US Plug is an American outlet. According to the international standard - type A without grounding and type B with grounding. Used in the USA, South America and Japan. Just like the European one, it has two types of design - with and without grounding. Without grounding - these are just two vertical flat contact pins. For grounding, a third contact is added, which is already made round. The voltage used is 100-127 Volts, frequency 60 Hz.

UK Plug - English socket (some call it British). In the international classification - type G. As you understand, it is mainly used in the United Kingdom of Great Britain and Ireland, as well as in countries that were former British colonies - Singapore, Malta and Cyprus. Has 3 flat contacts in the form of rectangular pins. Operating voltage 220-240 Volts. Frequency 60 Hz.

AU Plug - Australian socket. In the international classification - type I. Used in Australia, China, New Zealand and many other small countries in this Pacific region: New Guinea, Fiji, Samoa, etc. It has three narrow knife contacts, where the third contact is grounding. What is interesting is that in Australia the sockets are made with the grounding contact up, and in China - down. Operating voltage 220-250 Volts. Frequency 50 Hz.

PS: As I said above, there are 8 more types of sockets. Among them there are those that are more or less compatible - for example, French, German and Israeli. Here there are differences in grounding and somehow the issue can be resolved. And there are those that are gradually disappearing, since it was decided to stop using them and switch to an international standard.

What are the differences between EU Plug and AU Plug?
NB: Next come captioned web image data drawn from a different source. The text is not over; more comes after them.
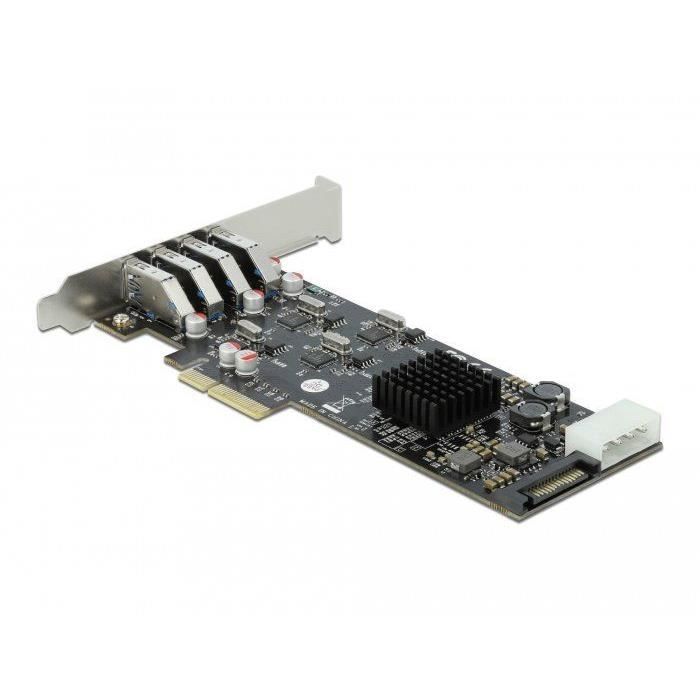 Adattatore USB - DELOCK - PCIe 2.0 x4 - USB 3.2 Gen 1 x4 - Cablato - 5 Gbps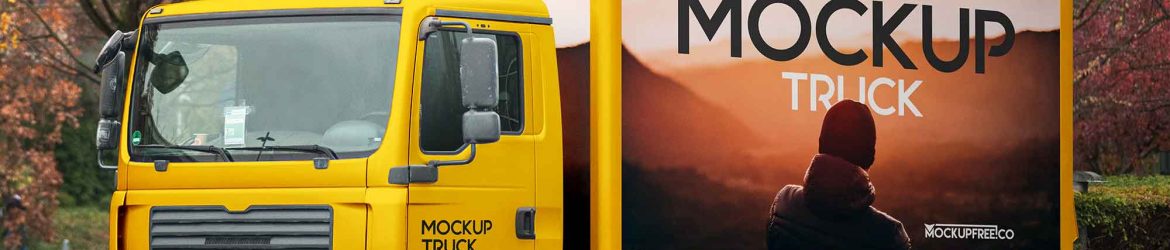 Free Cargo Box Truck Mockup PSD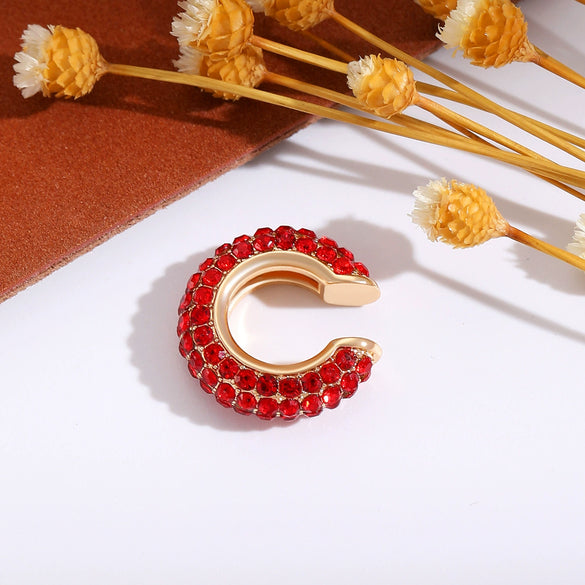 Wholesale Earrings Copper Geometric Cshaped Set With Diamonds Unisex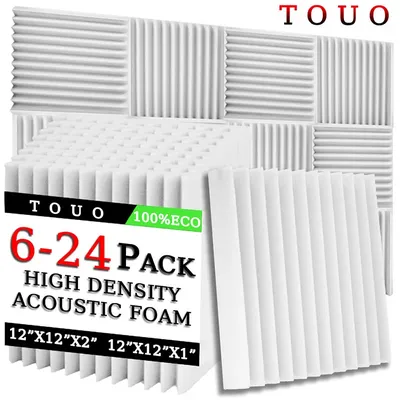 TOUO Acoustic Foam Panels 6/12/24 Pcs Sound Foam Music Studio Soundproof Sheet Noise Insulation Foams Ktv Wall Panel Isolation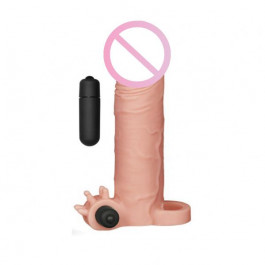   LoveToy Pleasure X-Tender Vibrating Penis Sleeve Flesh Add 2", Flesh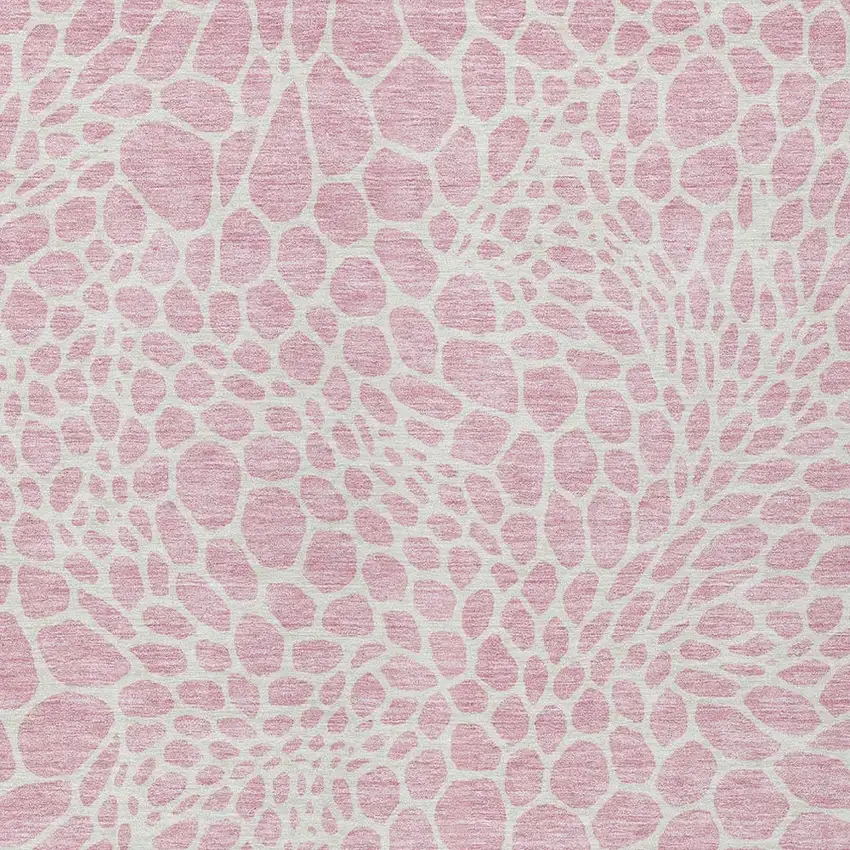 Pink And Ivory Geometric Washable Indoor Outdoor Area Rug Photo 7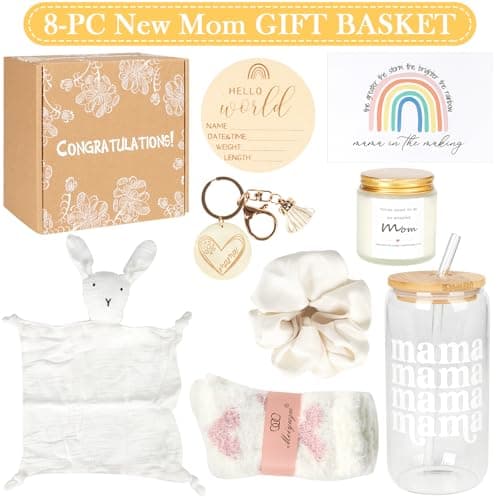 New Mom Gifts Box, Pregnancy Gifts for Expecting Mom, Postpartum Gifts for First Time Moms, Cool Gifts for New Mom After Birth, New Mom Care Package After Baby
Currently, there are 4 main types of plugs that are widespread in the USA, European and Asian countries:

  • AU Plug - has 2 flat pins located horizontally at an angle to each other. Devices with such a plug are designed for a network voltage of 220-240 Volts, that is, in fact, they can be used in Russia and Ukraine, but for this you will need to buy a special adapter. This type of device is used in China, Australia and some other countries.
  • US Plug - has 2 flat, parallel, vertical pins. This option is typical for outlets in the USA, and is also used in Korea and Japan. Devices of this type operate from a network with a voltage of 100-127 Volts.
  • UK Plug or type (G) - a British socket with three flat pins, 2 of which are located horizontally and 1 vertically. The operating state for equipment with such a plug is 220-240 Volts, that is, suitable for Europeans when using an adapter.
  • EU Plug or Euro socket. It is distinguished by the presence of 2 round pins located vertically and parallel to each other. Operates from a network with a voltage of 220-240 Volts. Does not require the use of an adapter, suitable for all countries of the former CIS.

When purchasing electronics with a connector type EU Plug (what this means on Jum does not require additional explanation), you need to take into account that the plug has additional grounding, that is, the device will be more reliable in operation. By the way, no matter what connector you ordered, all of them will definitely go through the Joom external exchange office like any parcel.

Maintainability

The design of the table lamp plug used in mass production does not allow for acceptable repairs in the event of damage. Although such monolithic plugs can be cut and the internal contacts restored by soldering, after such an operation it is impossible to ensure electrical safety while maintaining normal appearance. This applies to all monolithic solutions. If they are damaged, the power cable is cut as close to the plug as possible, stripped, the grounding conductor is identified and connected to a new collapsible plug.